+++ Data to use +++

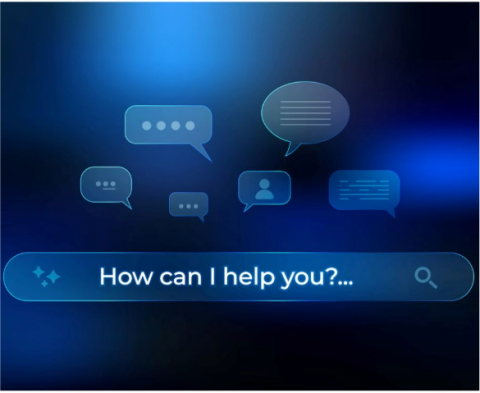 AI Chatbots and Mental Health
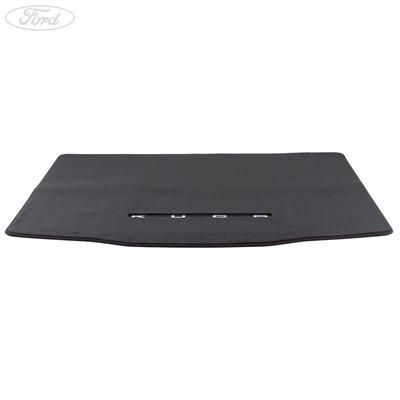 Genuine Ford Kuga 2020 Load Compartment Mat Reversible 2428726 for 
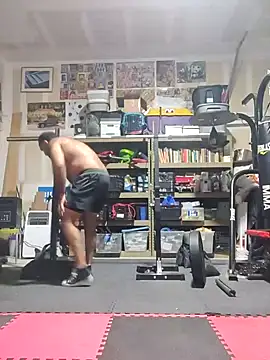 Snapshot of chainjulious chatting on 01-31-25, 06:47 chainjulious online show from 01-31-25, 06:47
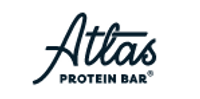 Atlas Bar coupons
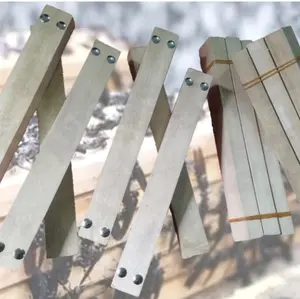 Tempat bertelur lalat bsf eggies media bertelur lalat bsf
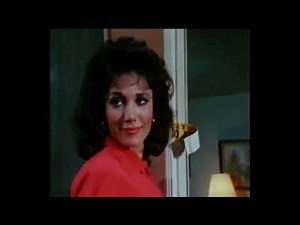 Hunter (1984) Season 1 - Opening Theme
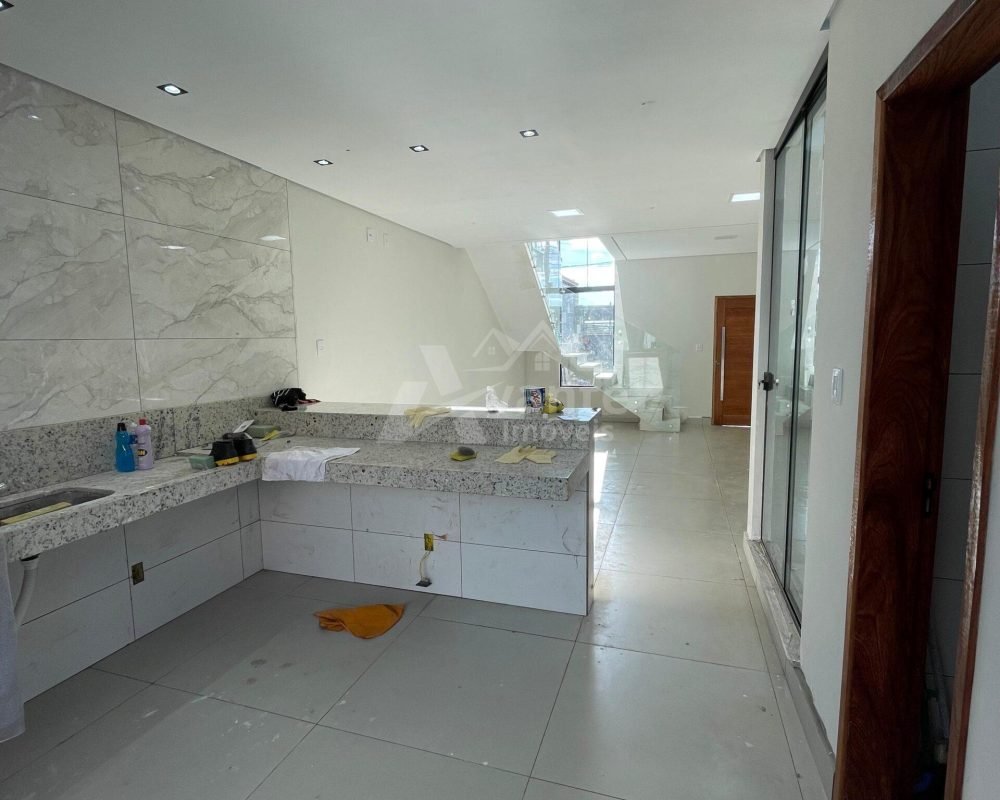 Avante Imóveis ajudando você a realizar o sonho da casa própria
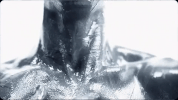 maroon5 maroon 5 love somebody GIF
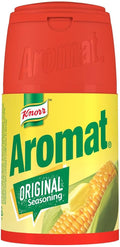 Knorr Aromat Original 75 g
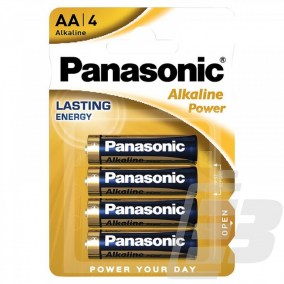 panasonic_alkaline-power-aa_1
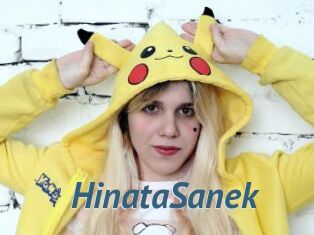 HinataSanek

+++

_Work instruction_.
In the data, the line that contains "Atlas Bar coupons" begins the part to write out; restate it and each line after it word for word through the end, with no pictures.

_Written answer_.
 Atlas Bar coupons
 Tempat bertelur lalat bsf eggies media bertelur lalat bsf
 Hunter (1984) Season 1 - Opening Theme
 Avante Imóveis ajudando você a realizar o sonho da casa própria
 maroon5 maroon 5 love somebody GIF
 Knorr Aromat Original 75 g
 panasonic_alkaline-power-aa_1
 HinataSanek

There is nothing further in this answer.